At the nursery, I examined the tree out of the container and saw that it had lots of nice white roots along the perimeter of the root ball and that the leaves had good color and that the plant was in generally good health. Summer is a good time to work on pomegranate, so I set to it!
The first step in cleaning this tree up
is thinning out the trunk structure and extraneous lower branches which
will not be part of the tree's design. First, I removed the thick lower
branch from the base of the trunk. Second, I trimmed off some of the
other lower branches and shortened those branches that I wanted to
keep.
At this point, the general trunk structure becomes apparent. You can
follow a single line from the roots to the top and see the direction
that the trunk moves. This will determine much of what follows.
For this tree, there are relatively few
options for a front. By examining the root and branch structure, I
determined that it would be best to place the first branch to the left,
about a third of the way up the tree, and to position the front so that
the movement of the trunk was accentuated and so that the distinctive
rootage was clearly displayed.
At this point, you can see how the rootage and trunk harmonize and how neither calls too much attention to itself. The front should entice the viewer to look at the tree and to follow the trunk from the base to the apex.

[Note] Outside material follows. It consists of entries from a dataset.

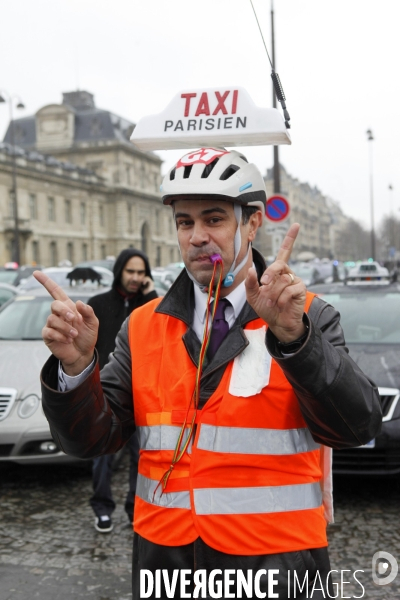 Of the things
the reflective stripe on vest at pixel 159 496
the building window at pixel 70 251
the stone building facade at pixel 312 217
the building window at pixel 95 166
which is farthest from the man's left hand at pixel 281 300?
the stone building facade at pixel 312 217

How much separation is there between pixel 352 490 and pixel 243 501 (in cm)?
426

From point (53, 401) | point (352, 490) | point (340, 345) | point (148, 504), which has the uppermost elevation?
point (340, 345)

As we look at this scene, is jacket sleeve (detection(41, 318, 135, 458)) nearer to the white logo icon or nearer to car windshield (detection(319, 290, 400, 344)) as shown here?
the white logo icon

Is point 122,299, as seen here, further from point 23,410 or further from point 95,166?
point 95,166

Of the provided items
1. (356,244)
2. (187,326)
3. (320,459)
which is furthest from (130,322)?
(356,244)

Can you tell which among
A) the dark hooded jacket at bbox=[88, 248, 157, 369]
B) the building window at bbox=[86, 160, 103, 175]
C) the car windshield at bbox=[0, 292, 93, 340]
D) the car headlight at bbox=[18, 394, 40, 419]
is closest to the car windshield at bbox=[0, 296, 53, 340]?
the car windshield at bbox=[0, 292, 93, 340]

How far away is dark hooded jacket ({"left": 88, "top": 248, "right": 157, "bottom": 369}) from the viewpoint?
5484mm

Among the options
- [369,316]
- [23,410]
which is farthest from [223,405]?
[369,316]

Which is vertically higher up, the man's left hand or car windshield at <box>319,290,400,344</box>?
the man's left hand

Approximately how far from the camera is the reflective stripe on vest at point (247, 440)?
196 centimetres

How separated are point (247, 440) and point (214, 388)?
18 centimetres

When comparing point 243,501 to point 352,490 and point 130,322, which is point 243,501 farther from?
point 352,490

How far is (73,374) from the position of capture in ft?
6.66

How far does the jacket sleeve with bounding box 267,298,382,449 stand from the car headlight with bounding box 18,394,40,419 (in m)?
4.41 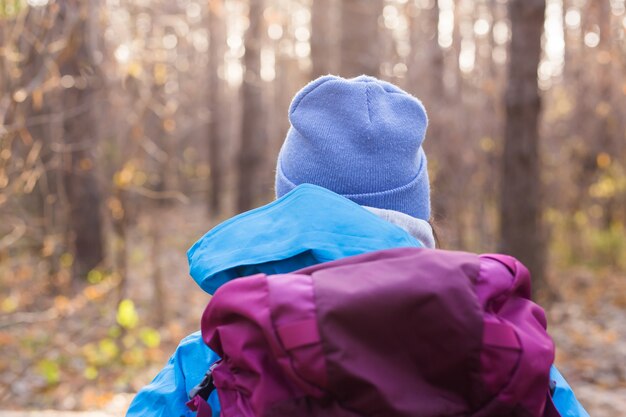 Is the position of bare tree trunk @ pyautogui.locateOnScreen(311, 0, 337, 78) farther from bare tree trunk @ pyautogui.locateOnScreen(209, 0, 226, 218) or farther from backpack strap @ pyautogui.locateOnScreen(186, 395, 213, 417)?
bare tree trunk @ pyautogui.locateOnScreen(209, 0, 226, 218)

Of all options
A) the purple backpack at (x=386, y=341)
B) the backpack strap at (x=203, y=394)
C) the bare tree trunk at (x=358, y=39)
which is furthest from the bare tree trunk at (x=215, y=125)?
the purple backpack at (x=386, y=341)

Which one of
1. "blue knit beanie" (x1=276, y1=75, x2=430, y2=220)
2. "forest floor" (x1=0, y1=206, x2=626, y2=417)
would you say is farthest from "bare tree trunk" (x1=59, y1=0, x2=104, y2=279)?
"blue knit beanie" (x1=276, y1=75, x2=430, y2=220)

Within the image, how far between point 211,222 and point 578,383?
12864 mm

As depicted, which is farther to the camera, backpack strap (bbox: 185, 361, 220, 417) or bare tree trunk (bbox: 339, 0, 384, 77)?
bare tree trunk (bbox: 339, 0, 384, 77)

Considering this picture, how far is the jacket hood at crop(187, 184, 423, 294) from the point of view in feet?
4.67

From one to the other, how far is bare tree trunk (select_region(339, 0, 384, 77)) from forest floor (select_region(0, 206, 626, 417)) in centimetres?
272

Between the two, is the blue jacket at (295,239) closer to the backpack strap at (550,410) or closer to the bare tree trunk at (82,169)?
the backpack strap at (550,410)

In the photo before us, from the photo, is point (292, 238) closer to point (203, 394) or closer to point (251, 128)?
point (203, 394)

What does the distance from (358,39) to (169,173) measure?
2756 millimetres

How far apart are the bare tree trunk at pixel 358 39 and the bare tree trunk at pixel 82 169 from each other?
8.52ft

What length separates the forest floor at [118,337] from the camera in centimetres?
572

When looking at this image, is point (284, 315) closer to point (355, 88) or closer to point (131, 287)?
point (355, 88)

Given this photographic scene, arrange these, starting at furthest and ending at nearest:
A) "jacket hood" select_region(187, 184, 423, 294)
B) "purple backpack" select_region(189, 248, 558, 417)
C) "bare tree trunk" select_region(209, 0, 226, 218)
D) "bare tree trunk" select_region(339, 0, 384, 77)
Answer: "bare tree trunk" select_region(209, 0, 226, 218)
"bare tree trunk" select_region(339, 0, 384, 77)
"jacket hood" select_region(187, 184, 423, 294)
"purple backpack" select_region(189, 248, 558, 417)

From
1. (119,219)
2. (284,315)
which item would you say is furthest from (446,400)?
(119,219) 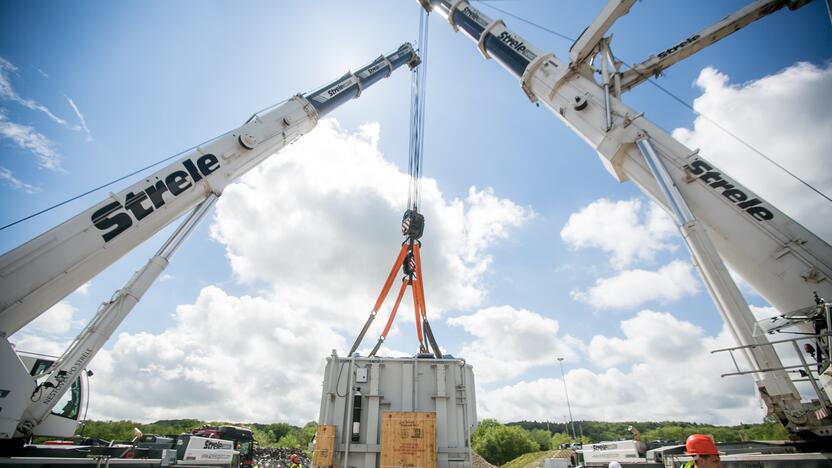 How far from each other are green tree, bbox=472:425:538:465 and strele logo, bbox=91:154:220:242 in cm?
A: 5666

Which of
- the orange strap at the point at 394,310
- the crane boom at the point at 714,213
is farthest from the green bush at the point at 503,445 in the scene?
the crane boom at the point at 714,213

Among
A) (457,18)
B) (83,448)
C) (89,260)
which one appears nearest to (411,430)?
(89,260)

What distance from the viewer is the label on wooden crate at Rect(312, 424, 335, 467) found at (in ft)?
23.1

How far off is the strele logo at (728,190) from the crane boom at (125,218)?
389 inches

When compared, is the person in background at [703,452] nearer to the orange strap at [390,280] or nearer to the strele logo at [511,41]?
the orange strap at [390,280]

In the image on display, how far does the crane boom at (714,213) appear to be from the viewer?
516 cm

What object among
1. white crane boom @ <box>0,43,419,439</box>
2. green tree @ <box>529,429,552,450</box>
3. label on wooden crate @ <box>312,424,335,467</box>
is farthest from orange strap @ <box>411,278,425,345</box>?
green tree @ <box>529,429,552,450</box>

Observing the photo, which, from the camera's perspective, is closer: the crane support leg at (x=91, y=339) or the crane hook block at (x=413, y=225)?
the crane support leg at (x=91, y=339)

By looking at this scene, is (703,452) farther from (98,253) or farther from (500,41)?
(500,41)

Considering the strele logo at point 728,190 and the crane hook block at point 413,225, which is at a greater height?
the crane hook block at point 413,225

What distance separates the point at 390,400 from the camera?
7.86 metres

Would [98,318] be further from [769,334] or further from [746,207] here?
[746,207]

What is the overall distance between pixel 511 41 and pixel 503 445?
→ 57334mm

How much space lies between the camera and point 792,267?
18.2ft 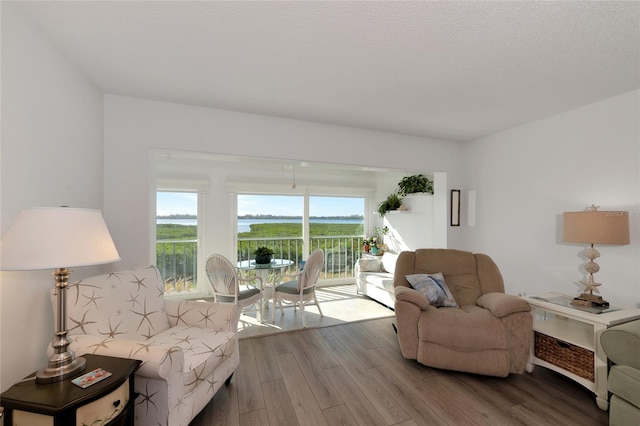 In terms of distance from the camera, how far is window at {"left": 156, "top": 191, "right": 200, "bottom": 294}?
443 centimetres

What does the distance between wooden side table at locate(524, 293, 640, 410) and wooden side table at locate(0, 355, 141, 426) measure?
293cm

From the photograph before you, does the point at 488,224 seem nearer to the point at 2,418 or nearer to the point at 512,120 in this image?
the point at 512,120

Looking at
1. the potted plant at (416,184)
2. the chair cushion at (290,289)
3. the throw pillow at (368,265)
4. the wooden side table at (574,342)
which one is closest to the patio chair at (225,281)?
the chair cushion at (290,289)

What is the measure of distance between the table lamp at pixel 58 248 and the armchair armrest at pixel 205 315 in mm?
869

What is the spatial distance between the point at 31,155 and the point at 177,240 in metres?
3.20

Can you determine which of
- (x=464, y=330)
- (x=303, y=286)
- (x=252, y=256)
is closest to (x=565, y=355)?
(x=464, y=330)

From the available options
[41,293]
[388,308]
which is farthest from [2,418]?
[388,308]

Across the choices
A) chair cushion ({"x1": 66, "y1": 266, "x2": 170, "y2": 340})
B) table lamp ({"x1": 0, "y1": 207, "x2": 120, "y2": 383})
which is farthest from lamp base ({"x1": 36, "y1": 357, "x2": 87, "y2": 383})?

Once the front is determined, it is just
a matter of following the trunk up to its termination. Because the
first branch should be positioned at roughly one third of the height of
the tree, it is easy to determine the proper point at which the apex
should be positioned. Usually, the apex is formed by cutting off the
trunk and wiring a small side branch up to form a new apex as was done
in this case.
For this tree, I wanted to start with a
strong left branch and since there isn't much on the right side to
balance it, I brought the back branch around to the right to fill in
some of that space. The branches alternate going up the trunk, until
the top at the apex. The branches should form a triangle shape when
completely formed with the apex being one point and ends of the two
lowest branches forming the other two points. For this tree, we will
wait until there is some growth on the old wood to cut back the branches
to prune it for shape. When completed, the tree will have a nice
triangle shape to it.
In contrast, younger trees have branches
that grow vertically. To simulate age, you will want to wire your branches
so that they have a horizontal structure to them and so that they are
positioned according to the style. In this case, a back branch was
brought around to the right to fill the space where there is currently
no branches.
Now, the basic structure is completed. The branches are left long (longer than they will be when the design is complete) to allow them to thicken. They will be pruned back when they reach their appropriate thickness and when new growth starts to appear.
After a few more months of devleopment, some of the branches could be cut
back, and the branches that were too thick for the top of the tree were
removed and replaced with thinner, newer growth.
These branches will be allowed to develop some more, and next summer I will determine what branches will be kept for the final design. There is still a lot of area, particularly toward the apex that needs to be filled in, but the base of the tree, the trunk and rootage are very strong. As this tree develops, it will form a very strong outline and will look splendid with small fruit hanging from its delicate branches.